The ambulance that took forever to arrive finally came, sirens blaring. On a darker note, part of me always wondered what it'd be like to be riding those things, but I've always wished to never have to know. The ambulance belonged to the Philippine Red Cross. Thank you Dick Gordon, I thought to myself. The crew of four hopped out of the thing like the Ninja Fucking Turtles. Like clockwork, one of them started talking to the police, the other two started assessing Anna's condition. The last one, the driver, came to me and asked where she need to be taken. Philippine Ortho, I told him. He discussed with the other guy if it's possible, and said yeah, since this bones may be broken, that'd make sense.
Moving Anna, even with experienced medics around, was gut-wrenching, heart-rending. She screamed in pain when they put a hard splint on her left leg. I was with Anna when she was loaded into the ambulance. At the last minute, the driver asked me again if I wanted to go Phil Ortho. He said it might be traffic.
Alternatives were Ospital ng Maynila, PGH, and Manila Doctors. I thought, since it's Holy Thursday, staffing will be minimal. Going to a public hospital may prolong her wait for medical attention, so I went for Manila Doctors.I told the policemen of the change and thanked them for their help. And off to the hospital we went.
The medics ripped her pants to check for more wounds, during which I heard Anna mumble that those where her only decent pants. They used her bag to prop her right leg, which just wouldn't straighten. I remembered that her bag contained her phone. I called her dad using mine instead. Thankfully I still had his number from a time when Anna had to text him.
My mother called again when we were already in the ambulance. I got scolded for not going to Phil Ortho, even after reasoning out the traffic. She told me it'd cost us, and that if she were to be transferred to the Phil Ortho later in the day, she'd be put in the low priority triage.
Regarding the choice of hospital, as of writing, a lot of people question my logic at the time, some of them I sincerely believe have good points, others, I believe are just parotting third-hand experiences and would've probably done worse, they just didn't know how being put on the spot was like. In hindsight, I believe I acted to the best of my ability given the knowledge I had at hand. I knew Anna had Medicard provided for by her company. I knew it was honored in Manila Doctors, since I already had gone there when I was still using the Medicard brand some 8 years ago. I knew all hospitals were understaffed, and the least understaffed choice within the vicinity was Manila Doctors, I thought, and this is the part where I was assuming, worst case scenario, Anna could be transferred to another hospital after being administered emergency care. I have no regrets.
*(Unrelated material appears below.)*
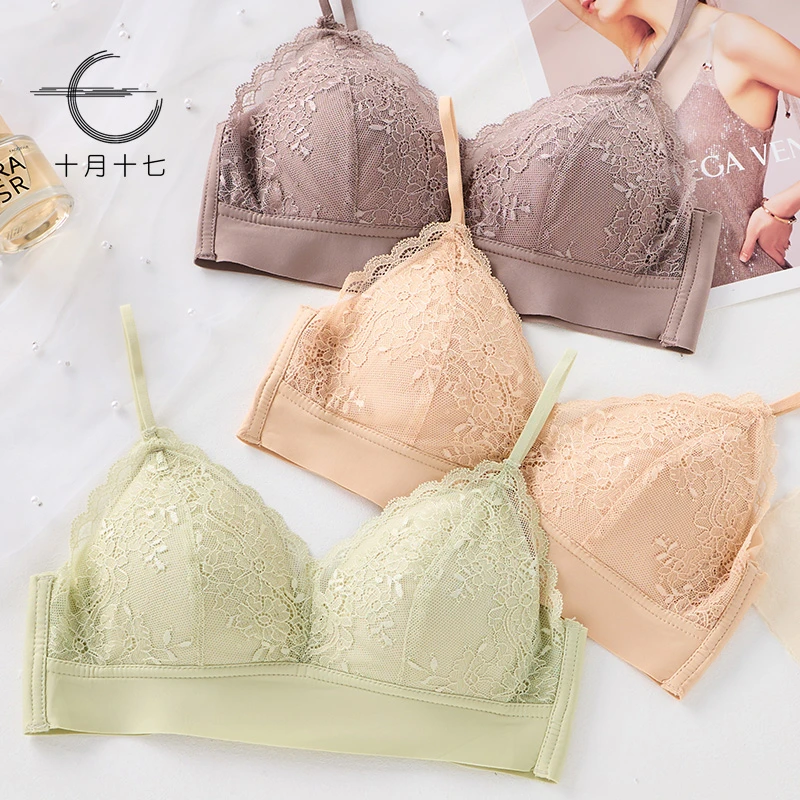 细肩带蕾丝性感法式美背内衣文胸一体无痕女士无钢圈薄款吊带背心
We arrived at Madocs in under ten minutes. I had no idea how fast the ambulance passed through the normally traffic areas of Quirino, Pedro Gil, and Padre Faura, but it was like we were there in a flash. I hopped off, ran towards the nearest doctor who wasn't attending to Anna and asked if there was an Ortopedic on duty. I was told yes. In that case, I thought, she should stay here instead of moving to Phil. Orthopedic. Later on, I thought, I'd just bring the possibility up to the parents.
I ran back to Anna's side. Surprisingly, I saw at least three other cases that involved broken appendages in the emergency room. I thought that was the probably reason why the Orthopedic doctor was already on duty. I later learned that the actual ortho was NOT on duty, and was in a goddamn Visita Iglesia out of town, and the resident doctor had to perform initial diagnosis by consulting that doctor. Crazy.
Anna was given pain killers, and had most of her wounds cleaned, medicated, and sealed. After a short while, she was taken to XRay, where, and I shit you not, only one radiologist was on duty. Now I don't want to sound condescending on Anna or the radiologist's part, but the radiologist looked half my body mass. And I personally admit, I cannot lift Anna without injuring her and/or myself. And now he had to move Anna to the XRay table. It was a mess. I just had to help out. While xraying her abdomen, I was told to lower her pants to prevent the zipper from showing up. The pants were too tight and since her left leg was bent, I couldnt without risking Anna going bananas from the pain. I asked for scissors instead. We'll just cut away the whole section of pants. The radiologist gave me a pair of scissors that felt more blunt than a plastic breadknife. In the end, he relented and just had the xray done even with the zipper blocking parts of the image. I saw the preview and sighed of relief to see that there was no tearing inside her. He then moved on to the leg, which he said would be sent to the ortho for analysis. We then moved Anna back to her bed, which felt like a murderously painful ordeal for Anna (understandably so). I swore to myself I'd start bodybuilding as soon as I could.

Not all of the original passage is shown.